Before cellular networks could even come close to providing high speed data. Before Color LCD and OLED screens were even close to being usable, much less common. Before touch screens were viable… Apple already had an idea of how these technologies would come together and change computing.
Considering the fine gadgets they’ve provided us with today, some people might not find this so amazing. But the interesting twist is this vision wasn’t dreamed up by Steve Jobs.
The year was 1987, and Jobs had actually been ousted by his own corporate board at Apple. At the helm was John Sculley, an individual Jobs had recruited to Apple from PepsiCo, ultimately clashed with, and ended up losing a battle for control of the company to. Unfortunately, Sculley didn’t turn out to be the management wunderkind the board believed him to be: his reign started a dark era at Apple where internal politics, aimless development projects and screwed up product lines may have nearly sent the company into bankruptcy.
And talk about narcissism! If you think Steve Jobs is eccentric, consider that Sculley wrote an autobiography, then made Apple buy a copy for every employee, to promote “excellence.”
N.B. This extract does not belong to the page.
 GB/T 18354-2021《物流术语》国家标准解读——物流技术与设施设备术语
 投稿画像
But, one concept he DID come up with in 1987, and should probably at least get a little bit of credit for, is this tablet-like device… with a touch screen, integrated video conferencing and messaging, and access to a vast network of data that allows a user to search and retrieve all kinds of information.
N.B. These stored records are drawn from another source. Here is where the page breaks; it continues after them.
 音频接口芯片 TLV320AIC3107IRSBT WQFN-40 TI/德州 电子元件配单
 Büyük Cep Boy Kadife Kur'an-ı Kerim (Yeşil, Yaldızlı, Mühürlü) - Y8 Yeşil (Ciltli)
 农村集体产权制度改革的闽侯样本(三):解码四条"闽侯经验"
Unfortunately with Jobs gone, there was no “i” in Apple at the time, and so it lacked a catchy name. Instead, this concept had the very un-cool title “Knowledge Navigator.” And while no tech conpany could build it in 1987, Sculley figured it would be commonplace around 2010, and even produced a video to demonstrate what it might look like.
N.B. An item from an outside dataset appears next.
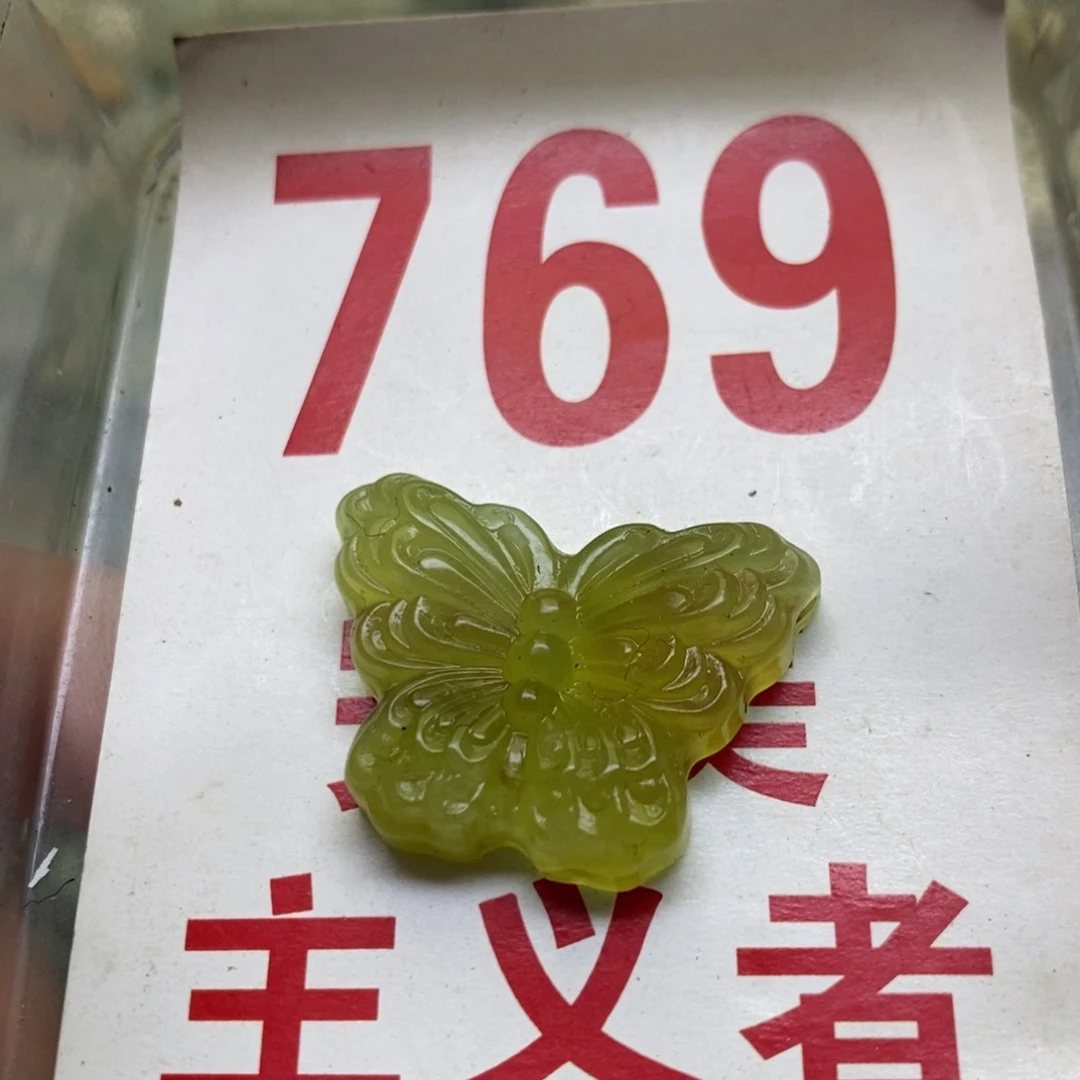 透闪石-蛇纹石玉挂坠足银镀金镶嵌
For the record: I’m actually glad that current technology didn’t quite evolve this way. I’d be totally annoyed if my iPhone had this priggish, smug bowtied “assistant” constantly nagging me about my appointments and phone calls. And I also noticed something… the professor keeps this thing on his desk, and the thought never crosses his mind that this highly compact device can be picked up and taken with him. I guess nobody’s perfect.